So, soweit zu einem (vielleicht ersten) Teil meines Informationsradars. Sicher werden die meisten von Euch die hier aufgelisteten Blogs und Websites kennen, aber vielleicht ist für den ein oder anderen doch noch eine Neuigkeit dabei.
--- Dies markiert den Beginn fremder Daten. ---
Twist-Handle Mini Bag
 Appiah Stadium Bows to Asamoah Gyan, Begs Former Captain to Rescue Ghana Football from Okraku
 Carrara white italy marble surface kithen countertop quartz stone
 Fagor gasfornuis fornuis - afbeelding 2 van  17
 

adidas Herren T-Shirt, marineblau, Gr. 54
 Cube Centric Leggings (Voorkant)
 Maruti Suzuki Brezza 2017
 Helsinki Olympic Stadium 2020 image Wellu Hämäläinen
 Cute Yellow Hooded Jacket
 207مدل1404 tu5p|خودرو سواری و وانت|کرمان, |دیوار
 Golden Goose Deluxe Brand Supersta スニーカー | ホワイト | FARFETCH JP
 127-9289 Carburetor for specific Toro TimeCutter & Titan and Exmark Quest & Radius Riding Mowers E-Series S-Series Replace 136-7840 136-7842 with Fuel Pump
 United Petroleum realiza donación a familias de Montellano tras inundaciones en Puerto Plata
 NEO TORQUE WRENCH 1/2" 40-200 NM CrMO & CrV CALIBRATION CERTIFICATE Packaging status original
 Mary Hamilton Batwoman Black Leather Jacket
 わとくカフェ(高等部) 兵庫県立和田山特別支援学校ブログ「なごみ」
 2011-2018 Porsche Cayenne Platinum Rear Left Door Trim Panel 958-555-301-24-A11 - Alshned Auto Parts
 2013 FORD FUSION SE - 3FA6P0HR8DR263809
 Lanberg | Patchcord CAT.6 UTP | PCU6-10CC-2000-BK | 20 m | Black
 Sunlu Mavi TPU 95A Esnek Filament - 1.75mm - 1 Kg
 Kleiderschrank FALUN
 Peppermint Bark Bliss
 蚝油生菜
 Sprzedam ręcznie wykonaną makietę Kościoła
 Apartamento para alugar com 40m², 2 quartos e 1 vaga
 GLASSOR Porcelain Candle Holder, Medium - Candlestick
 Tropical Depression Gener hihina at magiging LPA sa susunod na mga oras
Übrigens bin ich natürlich auch immer dankbar für weitere Vorschläge in den Kommentaren – Empfehlungen für Input nehme ich also gern entgegen!
UPDATE (1):
Da habe ich mich wohl etwas verzettelt und glatt eine Quelle auf jeden Fall vergessen: wisspub.net. Dieses Gemeinschaftsblog ist aus meiner Sicht eine Mischung aus den Kategorien I und III, denn es vereint die Sicht von Wissenschaftlern (Kategorie I) und Bibliotheken (eher Kategorie III). Wisspub.net ist ein „Gemeinschaftsblog zu wissenschaftlicher Kommunikation im Netz„, in dem es maßgeblich um Open Access, Digitale Bibliotheken, Peer Review, Informationsmanagement und -archivierung sowie um Wissenschaftskommunikation geht.
NACHTRAG:
Ich hab gerade noch einmal mit dem Google NGram Viewer herumgespielt und die 3 Begriffe Wissenschaftskommunikation, Wissenschafts-PR und Wissenschaftsjournalismus gegenübergestellt. Hier das Ergebnis:
Bildnachweise:
We've picked something up on radar! by Don Solo (cc by-nc-sa 2.0)
eigene Google NGram-Abfrage (19.01.2011)
Danke für den Hinweis auf wisspub.net!
Der Schwerpunkt unserer Beiträge liegt auf dem Themenfeld „scholarly communication“.
Der zitierte Wikipedia-Artikel „Wissenschaftskommunikation“ unterschlägt leider, dass es zwei Dimensionen des Begriffs Wissenschaftskommunikation gibt, die im Englischen durch zwei unterschiedliche Begriffe beschrieben werden:
„scholarly communication“
http://en.wikipedia.org/wiki/Scholarly_communication
und
„science communication“
http://en.wikipedia.org/wiki/Science_communication
Viele Grüße,
Heinz Pampel
Haben Sie herzlichen Dank für Ihren Kommentar und den Hinweis auf die Differenzierung, lieber Herr Pampel!
Da sollte ich wohl mal den Artikel in der Wikipedia editieren. Ich schreibe es mir zumindest mal auf die Liste!
Auf Plan3t.info sind ca. 100 Blogs aus dem Informations- und Bibliotheksbereich aggregiert (u.a. auch Wisspub), von denen sich ein deutlicher Teil (auch) der wissenschaftlichen Kommunikation widmet. Open Access ist Dauerthema.
Hallo Christian,
danke Dir für den Hinweis auf Plan3t.info – hatte ich gar nicht auf dem Schirm. Schöne Ressource!